Aberdeen ready to celebrate local women with series of events

Tuesday 08 November 2022

Professor Sarah Pedersen
A series of events take place in Aberdeen this month which shines the spotlight on women in the North East.

A team from Robert Gordon University’s School of Creative and Cultural Business have collaborated with the Being Human Festival to host a range of educational and inspiring events in the city centre.

This Saturday (12 November) at the Central Library local story-teller Jackie Ross will tell tales of some of the well-known, and less well-known, women of Aberdeen and the shire.

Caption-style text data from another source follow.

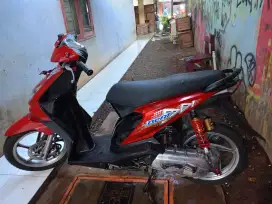 HONDA BEAT 2011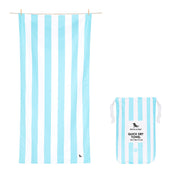 Dock & Bay Quick Dry Towel - Tulum Blue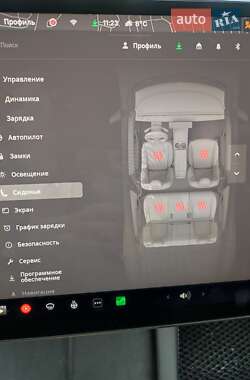 Позашляховик / Кросовер Tesla Model Y 2022 в 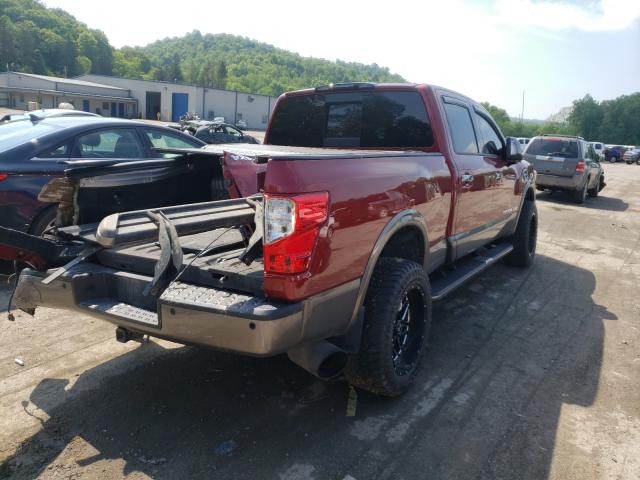 Photo 3 VIN: 1N6BA1F47HN524375 - NISSAN TITAN XD S 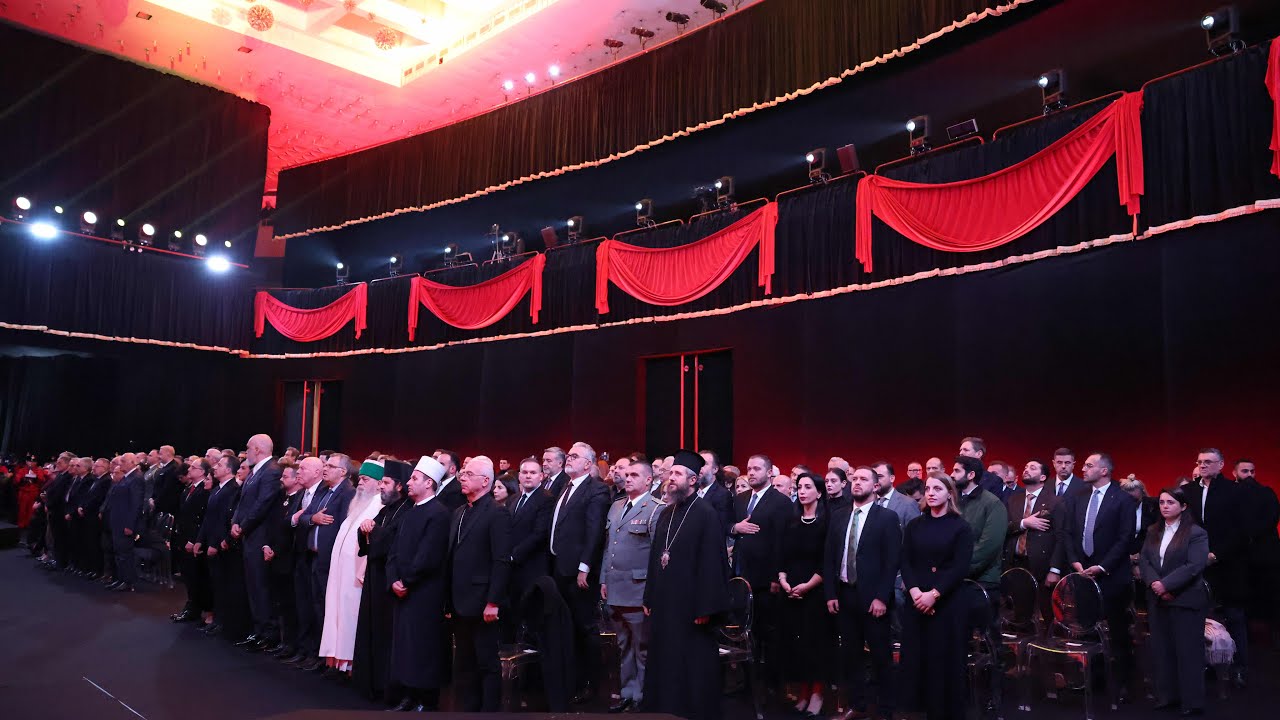 🇦🇱 URDHRI I SKËNDERBEUT NË QINDVJETËSHIN E TIJ 🏅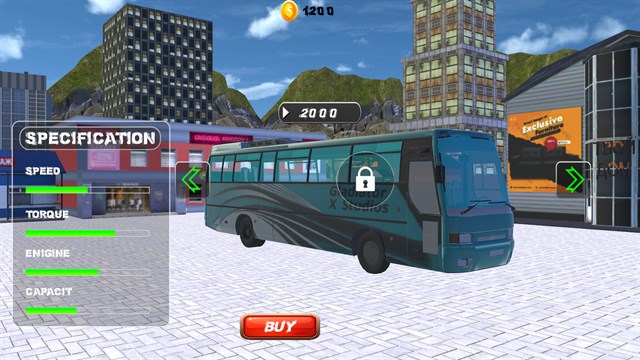 Bus Driver Simulator - XBOX and PC screenshot 1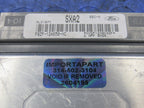 98 Ford Mustang GT 4.6L V8 AT ECU ECM PCM Engine Computer F8ZF-12A650-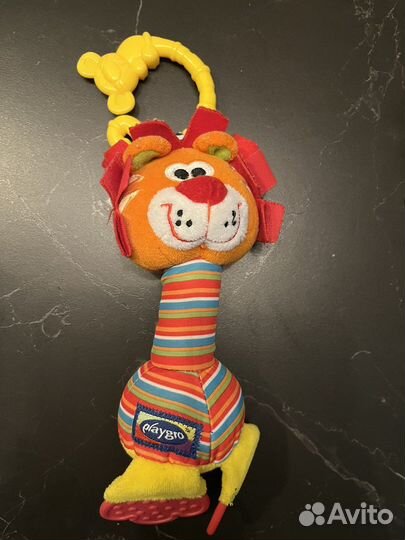 Пакет игрушек для малыша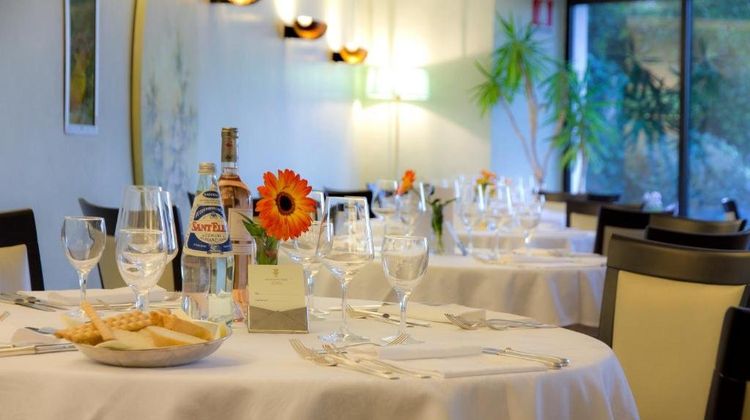 Grand Hotel Terme Restaurant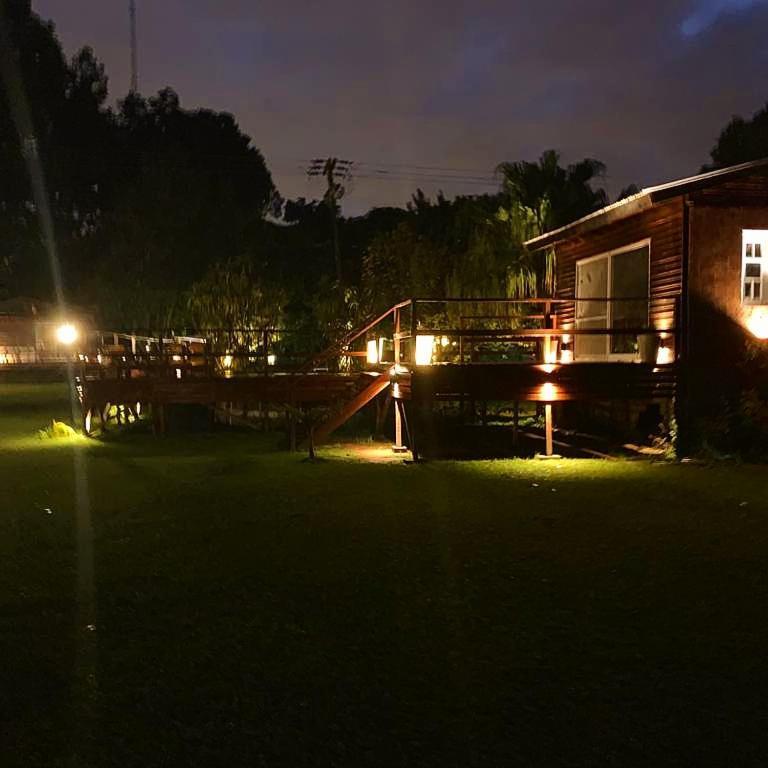 Cabanas Burdeos ตีเกร ภายนอก รูปภาพ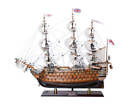 Hms Victory Model Ship Limited Edition Downwind Full Sails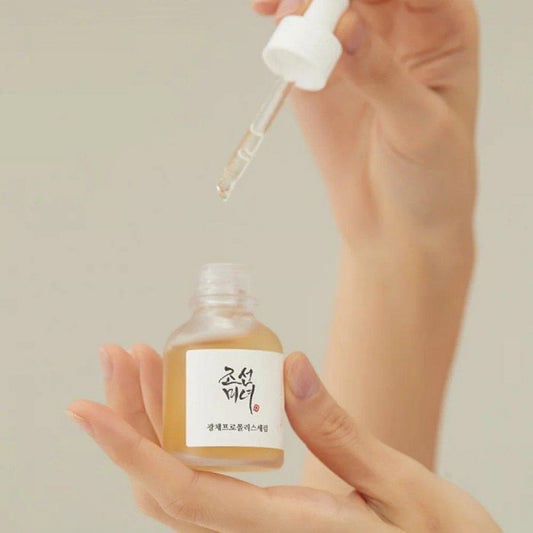 Beauty of Joseon Glow Serum with Propolis & Niacinamide 30 ml Radiance Boost & Skin Balancing Care (K Beauty)
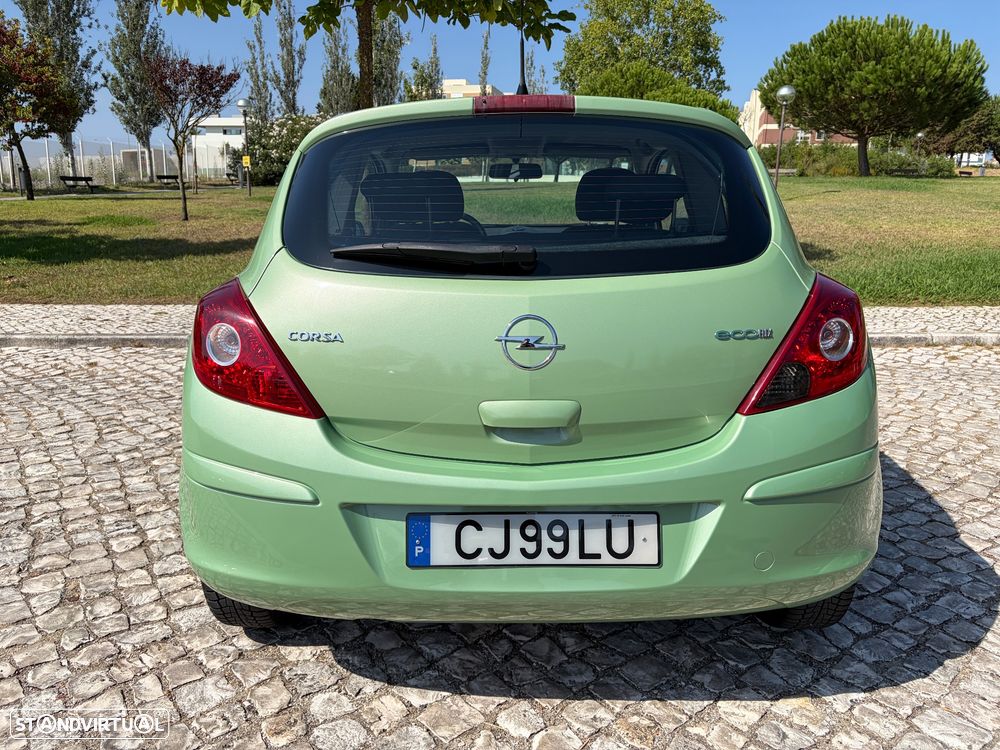 Opel Corsa 1.2 Cosmo Easytronic - 3
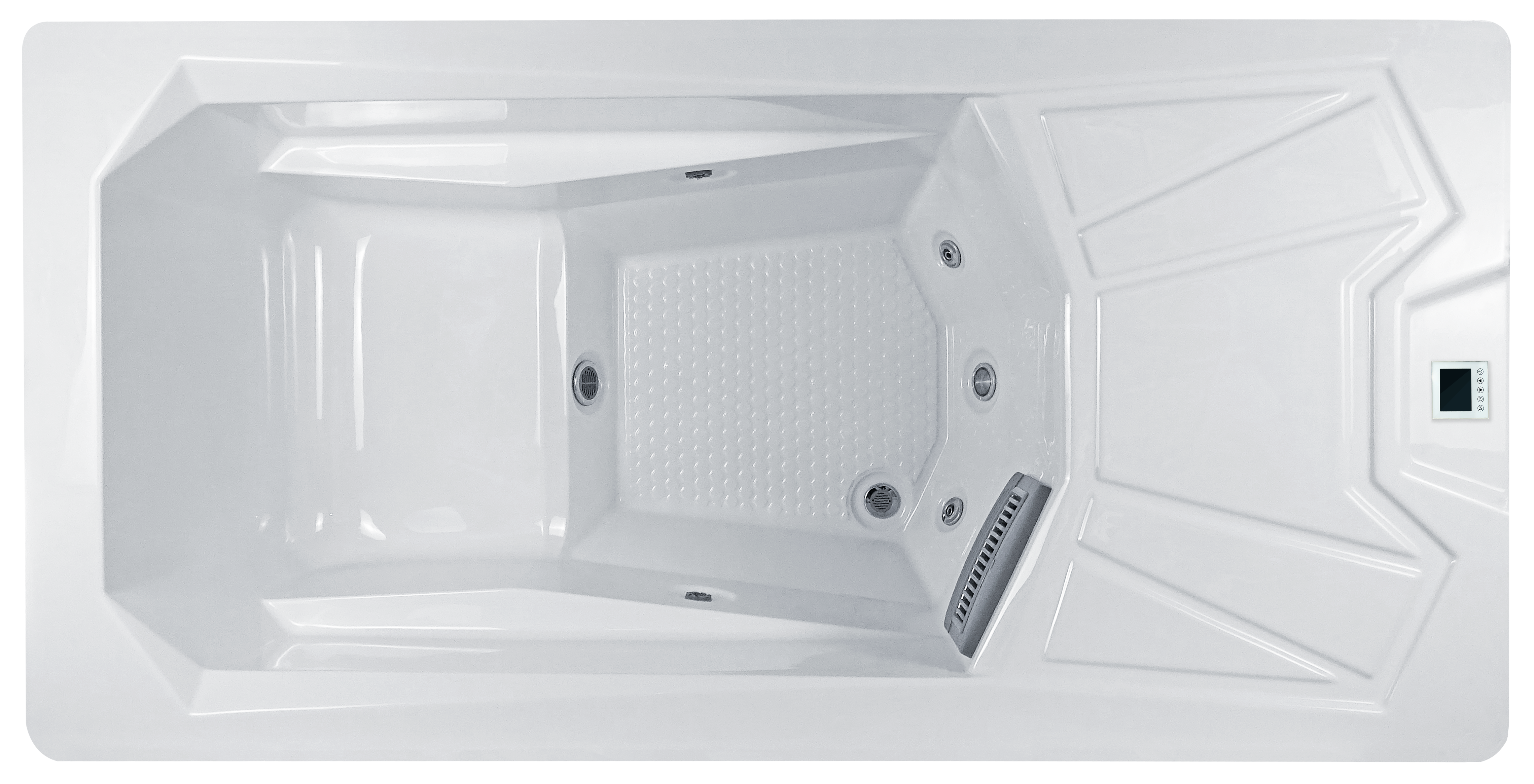 Chill Tub Pro - With Chiller & Wifi Control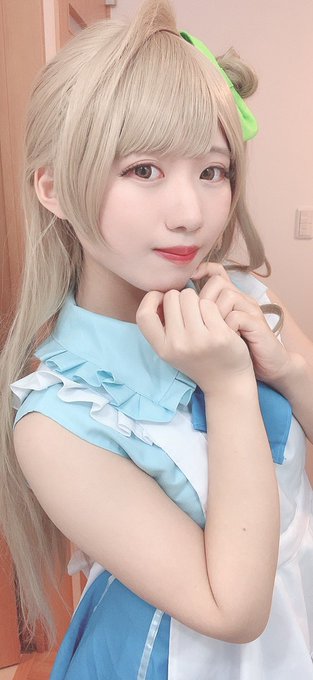 Twitterのコスプレ画像25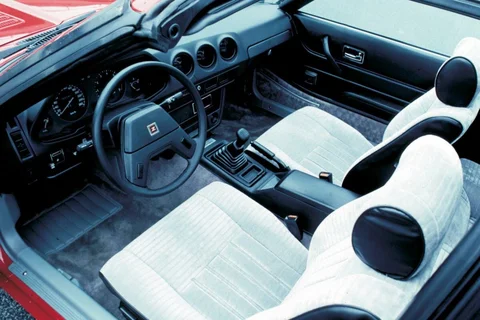 Datsun 280 ZX 2+2 1979 view 8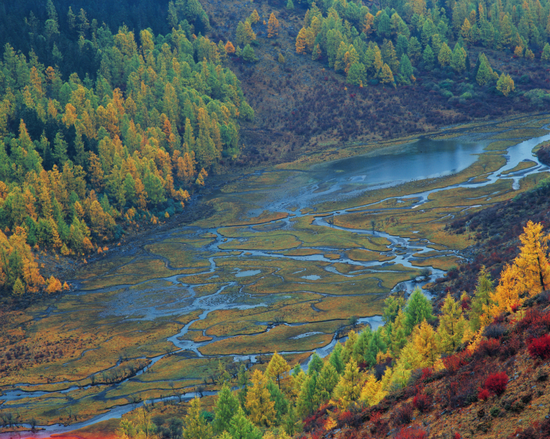 映卧路全面贯通 9月底重庆到四姑娘山只需7小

The event is at 11am and aimed at 5–12-year-olds.

Later that day, also at the Central Library but from 2pm, a cast will work with award-winning playwright Alan Bissett to perform a table reading of his new play 'A Monstrous Regiment of Women', the story of Caroline Phillips, Aberdonian journalist and suffragette, and how the women of Aberdeen joined in the demand for 'Votes for Women!'.

The following Saturday will see two events take place at Cowdray Hall. From 10am ‘Bring Your Own Heritage’ will encourage people to share stories, documents and pictures relating to women in North East Scotland.

This will precede a husting at 2pm which will coincide with the launch of Quinepedia, a digital biographical dictionary focused on celebrating local quines stimulated by the lack of memorials to any women other than Queen Victoria in Aberdeen.

The online platform aims to contribute to and expand debate around this topic, and alongside the husting, will allow public engagement with wider questions about civic and female commemoration.

This final event will also include a launch of a ‘Soundscape of North East Women’s Voices’, a collation of female voices talking about women from the area who inspire them.

Professor Sarah Pedersen is working alongside fellow RGU colleagues Professor Peter Reid and Dr Rachael Ironside on the project.

She said: “Quinepedia is an exciting new crowd-sourced collection that aims to celebrate women of North-East Scotland. I am very much looking forward to all the events scheduled for this month and debating the question of who deserves civic commemoration in Aberdeen and the shire.”

Being Human Festival is the UK’s national festival of the humanities, taking place 10–19 November 2022. Led by the School of Advanced Study, University of London, with generous support from Research England, in partnership with the Arts and Humanities Research Council and the British Academy. For further information please see beinghumanfestival.org.

Funding was also gratefully received from the RGU Foundation which kickstarted the Quinepedia project. Tickets for this Saturday’s events are free and can be reserved via the Aberdeen City Library website.